JANGAN PERUNCING SOAL AGAMA – PRESIDEN [1]
Jakarta, Merdeka
PRESIDEN SOEHARTO menyerukan kepada segenap golongan masyarakat untuk jangan mencari2 perbedaan di antara mereka, lebih2 jangan menggunakan perbedaan agama untuk memperuncing perbedaan pendapat yang mungkin tirnbul diantara kita. Kepala Negara, mengemukakan hal tersebut ketika berpidato pada peringatan Isra’ dan Mi’raj Nabi Muhammad s.a.w. di Masjid Istiqlal, Jakarta Kamis malam.
Presiden menyatakan, apabila dicari2, maka jangankan perbedaan diantara orang2 yang berbeda agama akan mudah diketemukan, diantara orang2 yang se-agama-pun perbedaan pendapat tidak sulit didapatkan.
Dalam hubungan ini Kepala Negara mengajak untuk mencontoh jiwa besar dari Nabi Muhammad sendiri tatkala beliau memimpin masyarakat. Perbedaan agama tidak menjadi halangan sedikitpun bagi kerjasama dan persatuan masyarakat.
Peringatan Isra’s dan Mi’raj Nabi Muhammad tsb. dikunjungi oleh ribuan kaum Muslimin Indonesia diantaranya para menteri, Korps diplomatik dan pejabat2 tinggi negara.
Uraian tentang Isra’s dan Mi’raj disampaikan oleh K.H. Anwar Musadded, dosen lAIN Sunan Gunung Jati, Bandung dan sambutan Menteri Agama Mukti Ali.
Bahaya Besar
Presiden Soeharto memperingatkan, bahwa ketegangan diantara pemeluk agama yang berbeda akan menimbulkan bahaya yang sangat besar bagi keselamatan masyarakat dan keselamatan manusianya, dan jelas pula tidak akan memungkinkan kita untuk membangun.
Kepala Negara mengajak segenap hadirin untuk merenungkan se-dalam2nya, bagi kita membentuk negara yang berdasarkan Pancasila adalah guna melindungi segenap bangsa Indonesia dan seluruh tumpah darah Indonesia. “Negara Pancasila menghendaki persatuan yang meliputi segenap bangsa Indonesia; mengatasi segala paham golongan, mengatasi segala paham perseorangan.”
Pertemuan2 Keagamaan
Kepala Negara menegaskan, dasar negara Indonesia berdasarkan YME maka kehidupan keagamaan harus kita tumbuh suburkan dalam masyarakat.
“Karena itu juga kurang ada alasan apabila sebagian dari kita merisaukan adanya pertemuan2 keagamaan baik yang bersifat nasional maupun internasional disini.”
Dikemukakan, bahwa dalam arti menumbuh suburkan kehidupan keagamaan itu kita pada dasamya menyambut baik adanya pertemuan2 keagamaan diantara pemuka2 agama Islam atau Nasrani atau Hindu dan Budha. “Sudah barang tentu pertemuan2 itu harns jelas mempunyai tujuan yang konstruktif buat pertumbuhan agama serta tidak merugikan kepentingan nasional.”

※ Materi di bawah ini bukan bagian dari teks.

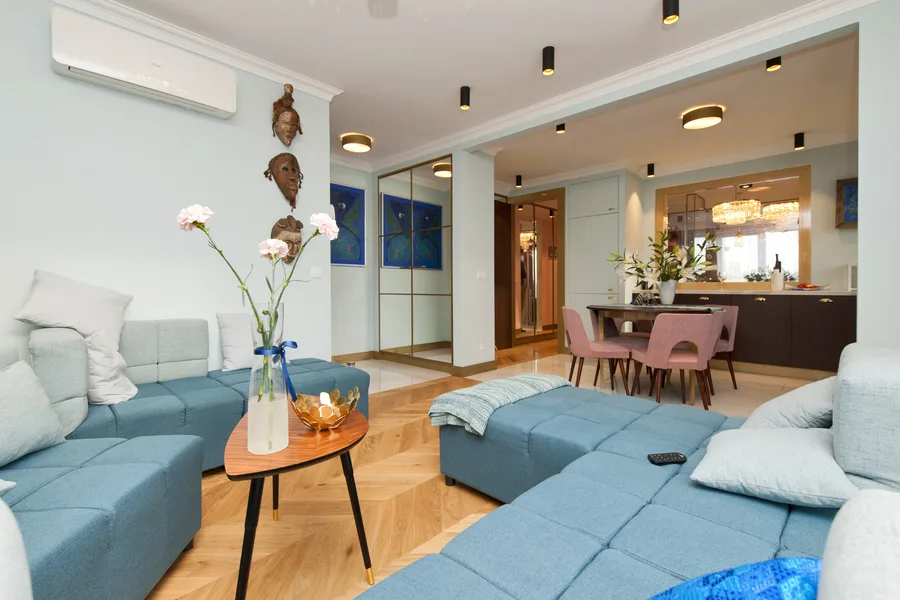 Living room panoramic with teal sofa, mid-century table, glass partition to kitchen-dining beyond, carved masks on wall, and pink chairs in distance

“Malahan, demikian Presiden, “kita akan lebih bergembira dan menganggap bermanfaat apabila ada pertemuan2 antara pemuka2 semua ummat beragama untuk ber-sama2 menumbuhkan, saling pengertian dan ber-sama2 berusaha dengan cara bagaimana ummat beragama makin giat mengambil bagian dalam pembangunan masyarakat kita ini.”
Tenggang Rasa
Presiden sekali lagi dalam pidatonya itu memintakan, bahwa demi berhasilnya pembangunan, maka harns diusahakan betul2 agar supaya terpelihara suasana hidup rukun, tenggang rasa dan hormat menghormati diantara sesama penganut kepercayaan terhadap Tuhan YME serta meningkatkan amal dalam ber-sama2 membangun masyarakat.
“Marilah kita pupuk rasa hormat menghormati dan percaya mempercayai, menghindarkan perbuatan2 yang mungkin menyinggung perasaan orang lain.”
Agar jangan sampai mengganggu perasaan golongan lain, Presiden memintakan supaya dalam penyiaran agama diusahakanjangan sampai ditujukan kepada orang yang sudah beragama. (DTS)
SUMBER: MERDEKA (19/08/1974)
[1] Dikutip sesuai tulisan dan ejaan aslinya dari buku “Presiden RI Ke II Jenderal Besar HM Soeharto dalam Berita”, Buku III (1972-1975), Jakarta: Antara Pustaka Utama, 2008, hal. 507-508.